Point P is the midpoint of segment AB. The coordinates of point P are (2, 1) and the coordinates of point A are (11, 5). What are the coordinates of point B?

Introduction / Context:
This is a straightforward coordinate geometry question that uses the midpoint formula for a line segment in the Cartesian plane. The problem asks you to find the coordinates of an unknown endpoint of a segment when the midpoint and the other endpoint are given.

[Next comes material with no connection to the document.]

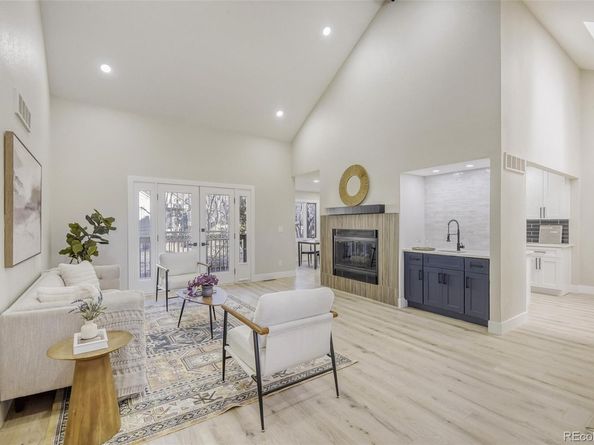 8344 E Radcliff Avenue 395, Denver CO 80237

Such questions test your ability to manipulate basic formulas and to work with simple algebraic equations involving averages of coordinates.

Given Data / Assumptions:

• Point P is the midpoint of segment AB.
• Coordinates of P are (2, 1).
• Coordinates of A are (11, 5).
• Coordinates of B are unknown and must be found.
• We work on the standard x-y coordinate plane using the usual midpoint formula.

Concept / Approach:
For a segment joining points A(x1, y1) and B(x2, y2), the coordinates of the midpoint P are given by:
P_x = (x1 + x2) / 2 P_y = (y1 + y2) / 2 We are given P and A, and we need to reverse this relationship to solve for the unknown coordinates of B. This means we will set up equations based on these midpoint formulas and solve for x2 and y2.

Step-by-Step Solution:
Step 1: Let B have coordinates (x, y). Step 2: Use the midpoint formula for the x-coordinate: (11 + x) / 2 = 2. Step 3: Multiply both sides by 2: 11 + x = 4, so x = 4 - 11 = -7. Step 4: Use the midpoint formula for the y-coordinate: (5 + y) / 2 = 1. Step 5: Multiply both sides by 2: 5 + y = 2, so y = 2 - 5 = -3. Step 6: Therefore B = (-7, -3). Step 7: Compare this with the options, and we see that option (-7, -3) exactly matches our result.

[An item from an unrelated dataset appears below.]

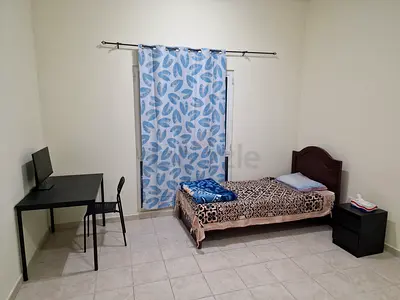 Single bed space in Twin Sharing Master bed Room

Verification / Alternative check:
To verify, substitute A and B back into the midpoint formula. For x-coordinates: (11 + (-7)) / 2 = 4 / 2 = 2, which matches the given midpoint x-coordinate. For y-coordinates: (5 + (-3)) / 2 = 2 / 2 = 1, which matches the given midpoint y-coordinate as well. Both coordinates of the midpoint check out, confirming that B is indeed (-7, -3).

Why Other Options Are Wrong:
The point (6.5, 3) gives midpoint x-coordinate (11 + 6.5) / 2 = 8.75 which is not equal to 2. The point (7, 3) gives midpoint x-coordinate (11 + 7) / 2 = 9 which is incorrect. The point (-6.5, -3) does not produce integer midpoint coordinates and fails to give P = (2, 1). The point (9, -1) also produces a different midpoint. Only (-7, -3) satisfies both coordinates of the midpoint formula.

Common Pitfalls:
A common mistake is to forget that the midpoint takes the average of the coordinates, not the difference. Some students also write equations like (x - 11) / 2 instead of (x + 11) / 2. Another frequent error is to mix up the formulas for midpoint and distance, or to solve only one of the two coordinates and then guess the other. Careful use of both x and y midpoint formulas ensures the correct point is found.

Final Answer:
Thus, the coordinates of point B are (-7, -3).